Abstract

Server consolidation based on virtualization technology will simplify system administration, reduce the cost of power and physical infrastructure, and improve utilization in today's Internet-service-oriented enterprise data centers. How much power and how many servers for the underlying physical infrastructure are saved via server consolidation in VM-based data centers is of great interest to administrators and designers of those data centers. Various workload consolidations differ in saving power and physical servers for the infrastructure. The impacts caused by virtualization to those concurrent services are fluctuating considerably which may have a great effect on server consolidation. This paper proposes a utility analytic model for Internet-oriented server consolidation in VM-based data centers, modelling the interaction between server arrival requests with several QoS requirements, and capability flowing amongst concurrent services, based on the queuing theory. According to features of those services' workloads, this model can provide the upper bound of consolidated physical servers needed to guarantee QoS with the same loss probability of requests as in dedicated servers.

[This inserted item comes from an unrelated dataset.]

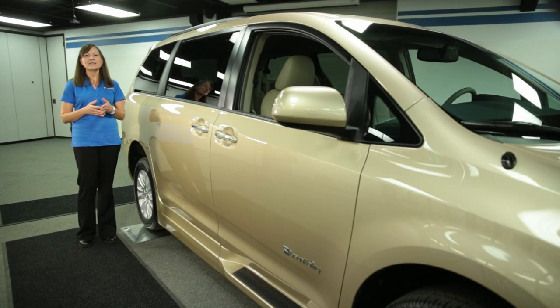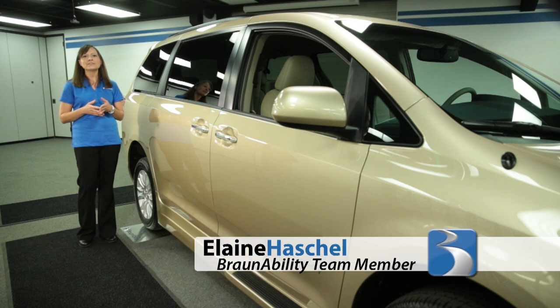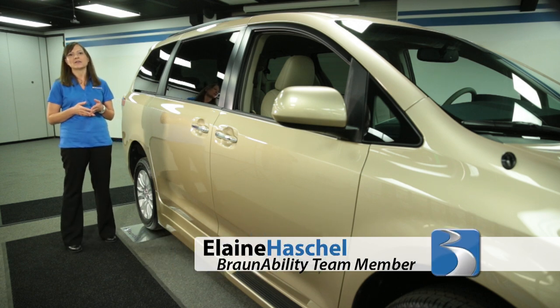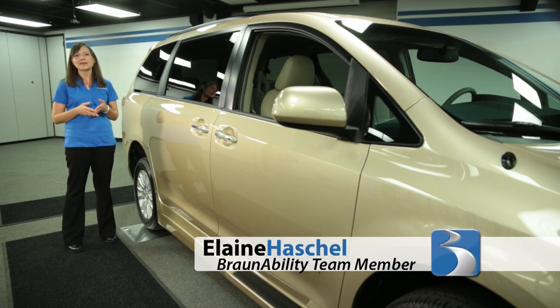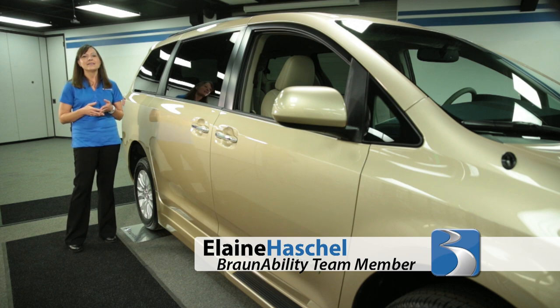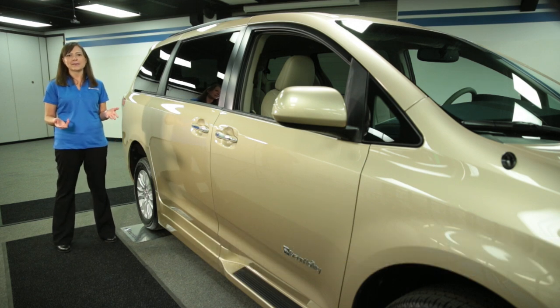The fold-out ramp has been a reliable workhorse ever since the very first lowered floor vehicle was built by BraunAbility in the early 90s. There's plenty to love about this fold-out ramp.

At the same time, it can also evaluate the server consolidation in terms of power and utility of physical servers. Finally, we verify the model via a case study comprised of one e-book database service and one e-commerce Web service, simulated respectively by TPC-W and SPECweb2005 benchmarks. Our experiments show that the model is simple but accurate enough. The VM-based server consolidation saves up to 50% physical infrastructure, up to 53% power, and improves 1.7 times in CPU resource utilization, without any degradation of concurrent services' performance, running on Rainbow - our virtual computing platform.